Design
5
min read

Why skipping motion in UX is costing you

Paul Liddell
July 21, 2025
Classic animation still of a cheerful character at the helm, symbolising the power of motion to guide user experience.

If you’re still treating motion as decoration, your product’s already behind. It’s now an essential part of good UX and users expect it. When used with purpose, motion helps reduce user drop-off, improve clarity, and bring a brand to life, all without being hard to implement.

That last point is important. People often assume animation is a lot of extra work. In reality, it usually only adds a small bit of effort for a designer, and nearly none for developers. Tools like Lottie make it incredibly simple to drop lightweight animations into products with minimal performance impact. A good UX design agency should be building these capabilities into your product from the start, not bolting them on later.

The misconception: “It looks nice, but it’s not worth the effort”

One of the biggest misconceptions I hear is that animation is just visual polish. That it looks nice, but it’s not really worth the time or money. In reality, motion can make tangible impacts to real business metrics.
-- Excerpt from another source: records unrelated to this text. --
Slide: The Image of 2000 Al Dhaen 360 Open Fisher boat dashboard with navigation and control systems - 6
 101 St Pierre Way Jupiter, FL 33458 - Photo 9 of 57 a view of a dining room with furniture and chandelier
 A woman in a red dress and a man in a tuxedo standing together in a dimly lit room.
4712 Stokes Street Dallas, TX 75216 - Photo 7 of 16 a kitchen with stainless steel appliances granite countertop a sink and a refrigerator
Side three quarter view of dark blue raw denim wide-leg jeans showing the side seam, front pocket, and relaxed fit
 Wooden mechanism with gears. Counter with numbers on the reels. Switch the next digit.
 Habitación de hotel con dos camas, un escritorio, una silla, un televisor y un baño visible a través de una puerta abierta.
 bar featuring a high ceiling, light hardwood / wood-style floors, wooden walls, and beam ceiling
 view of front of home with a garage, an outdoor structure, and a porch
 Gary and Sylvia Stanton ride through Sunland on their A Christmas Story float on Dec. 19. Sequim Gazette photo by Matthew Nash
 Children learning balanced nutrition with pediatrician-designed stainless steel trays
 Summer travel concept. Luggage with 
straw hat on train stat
Yes, it needs to be done thoughtfully, but when it is, it plays a huge supporting role across a product, helping to guide users, reduce friction, and boost engagement. It also makes your product feel more intentional, more polished.

Importantly, I’m not talking about huge, complex animations. Most of the time, it’s small, subtle micro-interactions: a form confirming submission, a loading spinner that communicates progress, or a success tick after a payment. These little moments build trust and reduce confusion.

From a technical point of view, it doesn’t need to be a heavy lift. With the right tools, animations can be designed once and reused across the web and apps. For developers, it might be a five-second job to drop in.

The business case: motion delivers ROI

Motion isn’t just about making things look better. It helps your product work better, for your users and your business. 

Two mobile screens showing a loading screen animation, demonstrating how motion can reduce perceived wait time and keep users engaged.

Here are a few key areas where I see motion adding real value:

1. Reduced drop-off during wait times

This is one of the clearest use cases. If a user is stuck waiting for something to load or process, they’re likely to assume the app is broken and abandon the task. Adding a short, branded animation during that pause keeps them engaged and informed. 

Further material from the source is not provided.